The program has been hard-coded to deal with some additional commonly-identified exceptions in the cleaning process (with user input required to check and confirm action required: add to text string or ignore).

Two files are saved (user-entry required for filenames):

  • One for the edited text with html tagging still retained;
  • The other for the final edited, cleaned and labelled text.

Some problems to be ironed out:

  • This program has problems with ASCII codes. The current work-around is to go in and perform a second, manual clean-up on the final output text file. This is too much manual intervention - need to find a way to fix this in-program.

Further improvements to be made:

  • Use the 'Title' label (lowercase and stripped of whitespace) as a default output filename (with user override option);
  • Add option to identify keywords, calculate their counts and append to the output file if required (see tag_eng & blog_tagger);
  • Add option for user to identify key phrases (of 2, 3 or 4 words' length), calculate their counts and append to the output file if required (program still to be built);
  • Handle other html tags as required (e.g. html tags inside cleaned/detagged text lines, such as italics, strong, etc.).

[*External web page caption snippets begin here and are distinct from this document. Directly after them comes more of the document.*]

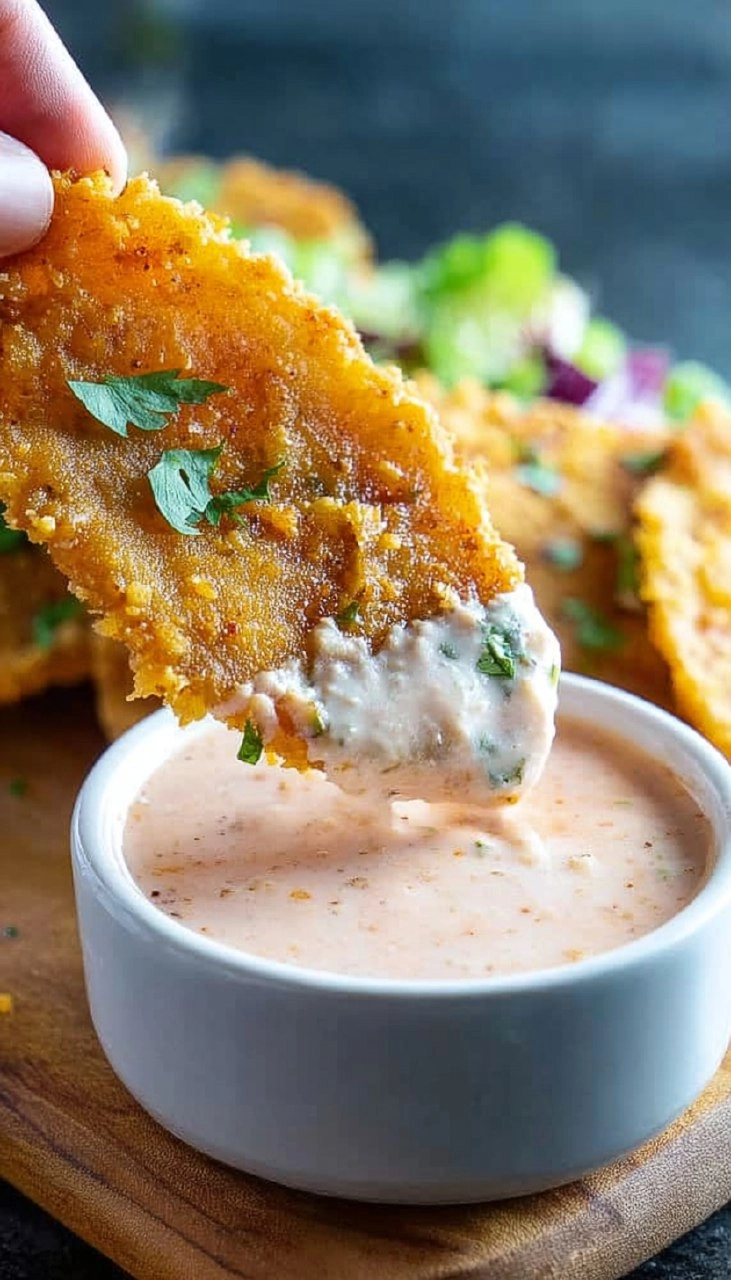 Chicken Tacos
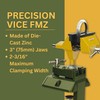 Proxxon 28608 Precision Vise FMZ, with clamp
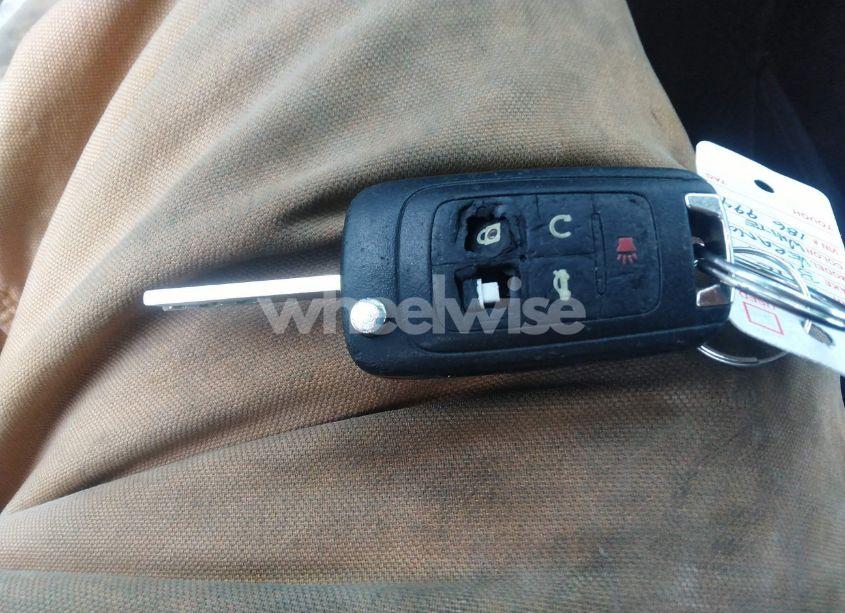 Photo 11 of 2012 Buick Verano LEATHER GROUP (VIN 1G4PS5SK4C4186994)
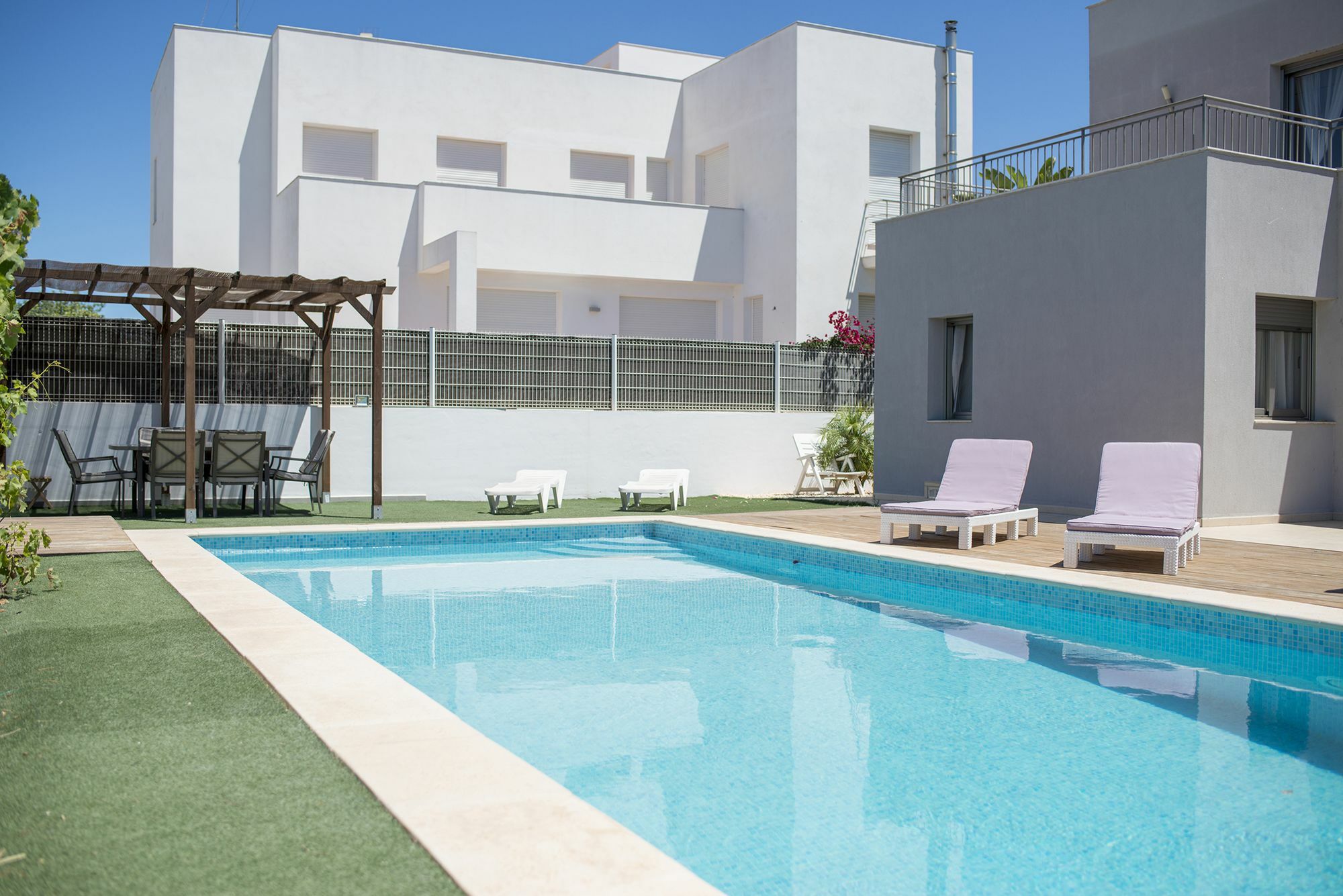 Villa Can Ramon Santa Eularia des Riu Exterior photo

Future developments planned:

  • Build program into a relevance engine by using all identified keywords/key phrases. Those keywords/phrases identified as coming from lines with header tags ( <h1>, <h2>, etc.) are to be weighted most highly, followed by words/phrases appearing most often in the paragraph text;
  • Delve further into the web data headers and meta data to extract further useful info if required (+ save to output file)
  • Search for all links on the page/in the text (in the body text and/or in the headers/footers) adn save to a directory (and/or append to the output file)
  • Provide user with an option to follow any or the URL links identified (both internally to the domain host, and externally).